→ **DATASET CONTENT**:
# # # # #

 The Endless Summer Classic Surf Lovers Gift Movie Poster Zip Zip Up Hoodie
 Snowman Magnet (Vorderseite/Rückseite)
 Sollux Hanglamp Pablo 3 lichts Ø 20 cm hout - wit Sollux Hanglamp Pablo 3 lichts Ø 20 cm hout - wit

# # # # #

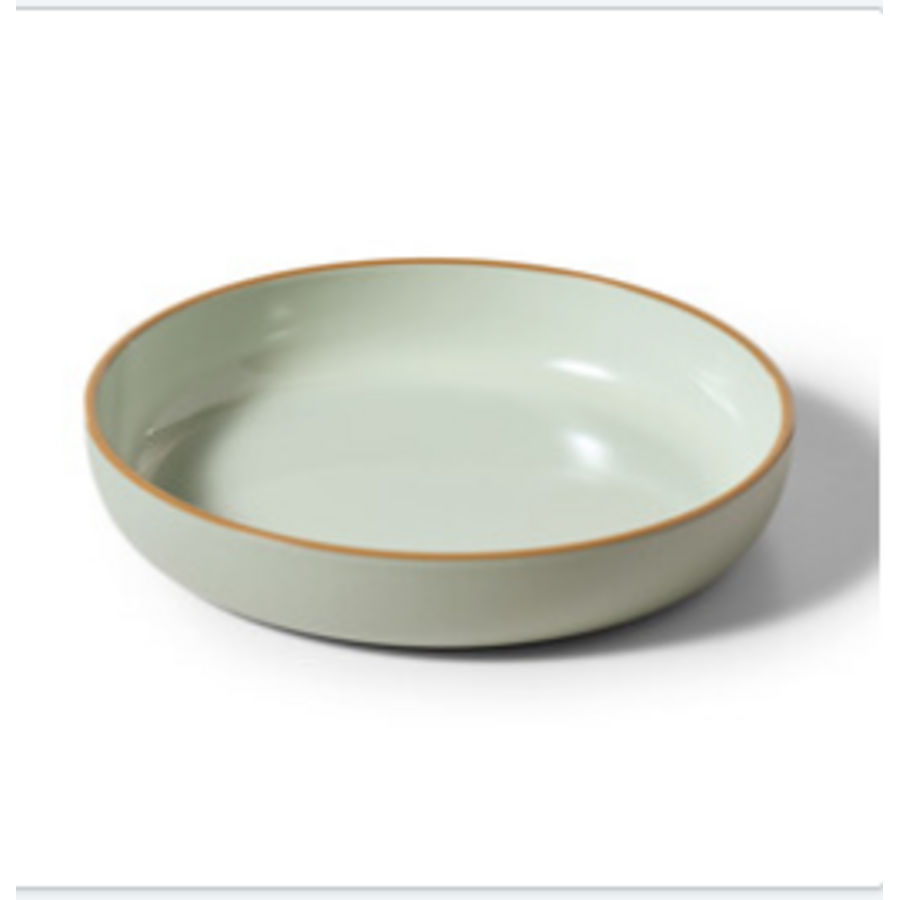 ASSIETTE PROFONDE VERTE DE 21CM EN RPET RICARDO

# # # # #

→ **TASK STATEMENT**: Look above for the line with "The Endless Summer" and the line with "- wit Sollux", and reproduce exactly those two lines plus every line between, nothing more.

→ **OUTPUT**:
 The Endless Summer Classic Surf Lovers Gift Movie Poster Zip Zip Up Hoodie
 Snowman Magnet (Vorderseite/Rückseite)
 Sollux Hanglamp Pablo 3 lichts Ø 20 cm hout - wit Sollux Hanglamp Pablo 3 lichts Ø 20 cm hout - wit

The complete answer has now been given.